Source data -
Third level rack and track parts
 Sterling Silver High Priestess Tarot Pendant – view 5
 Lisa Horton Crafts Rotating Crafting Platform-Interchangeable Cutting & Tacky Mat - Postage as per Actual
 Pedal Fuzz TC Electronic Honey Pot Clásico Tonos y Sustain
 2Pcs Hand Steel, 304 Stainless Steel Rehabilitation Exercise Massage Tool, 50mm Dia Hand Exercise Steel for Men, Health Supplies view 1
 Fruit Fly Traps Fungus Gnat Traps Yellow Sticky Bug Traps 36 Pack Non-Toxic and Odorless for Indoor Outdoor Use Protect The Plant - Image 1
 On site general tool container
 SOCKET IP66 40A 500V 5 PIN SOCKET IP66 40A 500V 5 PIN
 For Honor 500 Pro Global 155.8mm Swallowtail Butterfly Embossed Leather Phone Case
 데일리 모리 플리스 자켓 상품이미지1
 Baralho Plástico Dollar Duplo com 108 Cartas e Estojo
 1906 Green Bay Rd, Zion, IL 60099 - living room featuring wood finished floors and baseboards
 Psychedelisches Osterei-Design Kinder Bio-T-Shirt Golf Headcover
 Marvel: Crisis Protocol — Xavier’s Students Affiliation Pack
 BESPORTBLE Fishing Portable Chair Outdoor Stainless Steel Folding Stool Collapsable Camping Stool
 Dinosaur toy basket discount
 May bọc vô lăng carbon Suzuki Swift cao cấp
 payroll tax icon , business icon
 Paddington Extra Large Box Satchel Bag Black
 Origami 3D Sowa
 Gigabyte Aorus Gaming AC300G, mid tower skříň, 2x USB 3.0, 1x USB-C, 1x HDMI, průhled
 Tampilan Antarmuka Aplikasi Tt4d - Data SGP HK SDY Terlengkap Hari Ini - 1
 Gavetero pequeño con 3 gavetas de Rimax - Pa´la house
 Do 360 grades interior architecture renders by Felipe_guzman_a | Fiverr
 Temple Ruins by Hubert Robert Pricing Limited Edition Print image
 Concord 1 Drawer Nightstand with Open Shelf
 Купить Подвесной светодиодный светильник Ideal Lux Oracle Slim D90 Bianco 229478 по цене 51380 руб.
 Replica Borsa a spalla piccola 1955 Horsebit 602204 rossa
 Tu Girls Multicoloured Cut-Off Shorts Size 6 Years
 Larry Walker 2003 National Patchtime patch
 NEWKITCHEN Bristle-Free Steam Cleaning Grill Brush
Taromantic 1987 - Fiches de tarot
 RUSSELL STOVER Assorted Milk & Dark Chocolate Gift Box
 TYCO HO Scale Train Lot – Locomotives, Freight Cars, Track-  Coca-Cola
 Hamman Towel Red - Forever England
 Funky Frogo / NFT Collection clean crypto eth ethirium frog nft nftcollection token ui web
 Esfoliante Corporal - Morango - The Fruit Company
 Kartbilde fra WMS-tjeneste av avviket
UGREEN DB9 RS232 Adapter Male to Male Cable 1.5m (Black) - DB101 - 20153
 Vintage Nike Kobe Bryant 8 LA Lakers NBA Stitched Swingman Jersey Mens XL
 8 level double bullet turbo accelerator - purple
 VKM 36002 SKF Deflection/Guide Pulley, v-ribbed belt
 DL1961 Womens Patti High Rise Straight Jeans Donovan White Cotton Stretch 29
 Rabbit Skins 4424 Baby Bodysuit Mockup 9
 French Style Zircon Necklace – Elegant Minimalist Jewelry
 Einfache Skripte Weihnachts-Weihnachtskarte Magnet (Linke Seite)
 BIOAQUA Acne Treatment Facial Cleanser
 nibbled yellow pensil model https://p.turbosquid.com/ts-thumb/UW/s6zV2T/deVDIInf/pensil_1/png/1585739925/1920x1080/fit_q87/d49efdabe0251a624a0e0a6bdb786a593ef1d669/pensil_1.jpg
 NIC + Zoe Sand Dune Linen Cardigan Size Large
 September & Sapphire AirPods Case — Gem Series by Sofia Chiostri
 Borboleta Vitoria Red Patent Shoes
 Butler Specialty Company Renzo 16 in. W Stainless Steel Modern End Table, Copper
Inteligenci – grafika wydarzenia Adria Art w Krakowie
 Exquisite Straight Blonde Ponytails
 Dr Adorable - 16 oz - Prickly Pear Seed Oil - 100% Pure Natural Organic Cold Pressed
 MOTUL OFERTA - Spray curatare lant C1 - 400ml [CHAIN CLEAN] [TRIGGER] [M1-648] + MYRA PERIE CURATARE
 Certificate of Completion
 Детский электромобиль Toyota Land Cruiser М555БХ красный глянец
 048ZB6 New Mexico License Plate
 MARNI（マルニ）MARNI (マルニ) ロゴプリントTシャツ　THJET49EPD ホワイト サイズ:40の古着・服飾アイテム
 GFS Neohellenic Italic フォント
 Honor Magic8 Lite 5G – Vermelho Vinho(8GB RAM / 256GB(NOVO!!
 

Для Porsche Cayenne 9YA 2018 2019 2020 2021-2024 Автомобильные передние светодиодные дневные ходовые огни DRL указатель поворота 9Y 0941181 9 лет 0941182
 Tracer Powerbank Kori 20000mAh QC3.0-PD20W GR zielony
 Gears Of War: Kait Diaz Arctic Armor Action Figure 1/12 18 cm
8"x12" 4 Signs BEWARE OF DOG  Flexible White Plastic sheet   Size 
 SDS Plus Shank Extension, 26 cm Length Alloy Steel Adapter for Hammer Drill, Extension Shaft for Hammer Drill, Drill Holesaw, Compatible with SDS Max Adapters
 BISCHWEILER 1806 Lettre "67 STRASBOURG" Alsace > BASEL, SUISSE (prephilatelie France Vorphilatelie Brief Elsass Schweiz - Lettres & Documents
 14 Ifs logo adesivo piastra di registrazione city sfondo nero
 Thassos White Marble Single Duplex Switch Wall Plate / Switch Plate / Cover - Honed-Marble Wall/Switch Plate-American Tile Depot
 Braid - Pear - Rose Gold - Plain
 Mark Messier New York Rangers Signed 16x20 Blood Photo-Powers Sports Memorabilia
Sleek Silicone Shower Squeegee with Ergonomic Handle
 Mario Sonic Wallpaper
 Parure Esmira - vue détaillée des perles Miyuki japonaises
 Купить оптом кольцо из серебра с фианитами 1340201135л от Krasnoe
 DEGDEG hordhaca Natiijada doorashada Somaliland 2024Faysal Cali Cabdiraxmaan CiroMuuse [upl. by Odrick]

Exercise goal -
Within the material above, the line with "SOCKET IP66 40A 500V 5 PIN SOCKET" opens the range and the line with "Psychedelisches Osterei-Design Kinder" closes it; reproduce that range word for word.

Response -
 SOCKET IP66 40A 500V 5 PIN SOCKET IP66 40A 500V 5 PIN
 For Honor 500 Pro Global 155.8mm Swallowtail Butterfly Embossed Leather Phone Case
 데일리 모리 플리스 자켓 상품이미지1
 Baralho Plástico Dollar Duplo com 108 Cartas e Estojo
 1906 Green Bay Rd, Zion, IL 60099 - living room featuring wood finished floors and baseboards
 Psychedelisches Osterei-Design Kinder Bio-T-Shirt Golf Headcover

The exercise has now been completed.